Ikea ist eine sehr offene und transparente Firma. Wir wollen verschiedene Ansichten miteinbeziehen, darum werden wir weiter mit Influencern zusammenarbeiten. Denn so sind wir auf dem Laufenden, was auf der Welt abgeht. Wir müssen aufgeschlossen sein.
Und die Risiken?
Wenn wir einen Vertrag mit Influencern machen, dann haben wir abgeklärt, ob sie in unsere Strategie passen und die kulturellen Werte übereinstimmen. Manchmal müssen wir feststellen, dass die Zusammenarbeit nicht mehr stimmt.
Wieso ist Ihnen Social Media so wichtig?
Wir wollen nicht nur über Einrichtungen sprechen, sondern auch gesellschaftliche Standpunkte und Werte vertreten. Um die nächsten Jahre ein erfolgreiches Geschäft zu betreiben, muss man transparent, sehr offen sein für andere Perspektiven und zuhören können.

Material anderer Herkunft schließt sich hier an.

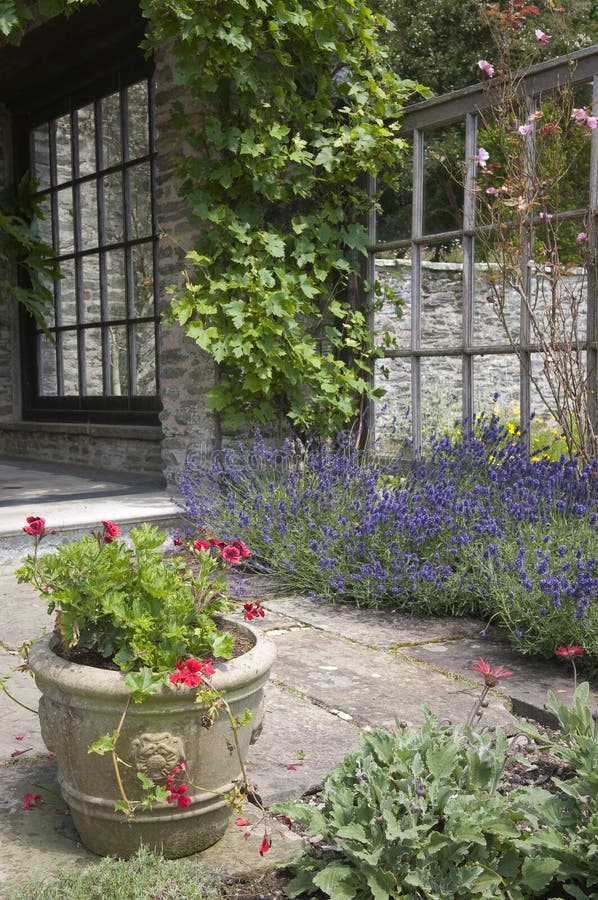 Patio inglés del jardín imagen de archivo. Imagen de piedra 30520169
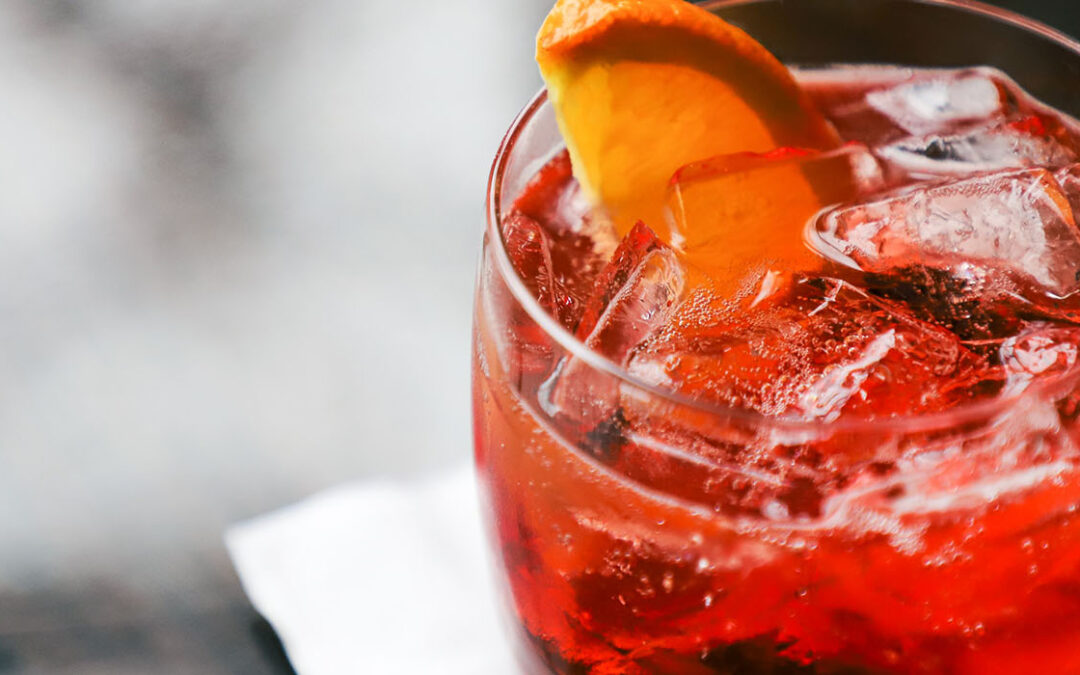 Der klassische Negroni: Rezept und Variationen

Social Media konfrontiert uns mit verschiedenen Ansichten und eröffnet viele Dialogmöglichkeiten. Das braucht Mut und Neugierde, und manchmal ist es schmerzhaft. Aber es kommt sehr viel zurück.
Die Leitung von Ikea Schweiz ist seit Oktober 2019 die jüngste Station in der Karriere der Schwedin Jessica Anderen (50). Die frische Luft und das klare Wasser zu Hause in Zürich, wo sie mit ihrem Mann und zwei Teenagern lebt, sind für sie nicht selbstverständlich. Seit die studierte Ökonomin 1989 bei Ikea in Schweden startete, hatte sie Führungspositionen bei Ikea in China, Hongkong, Singapur und Australien inne. Sie kennt den Handel, war aber auch für die Beschaffung in Ländern wie Indien oder Pakistan zuständig.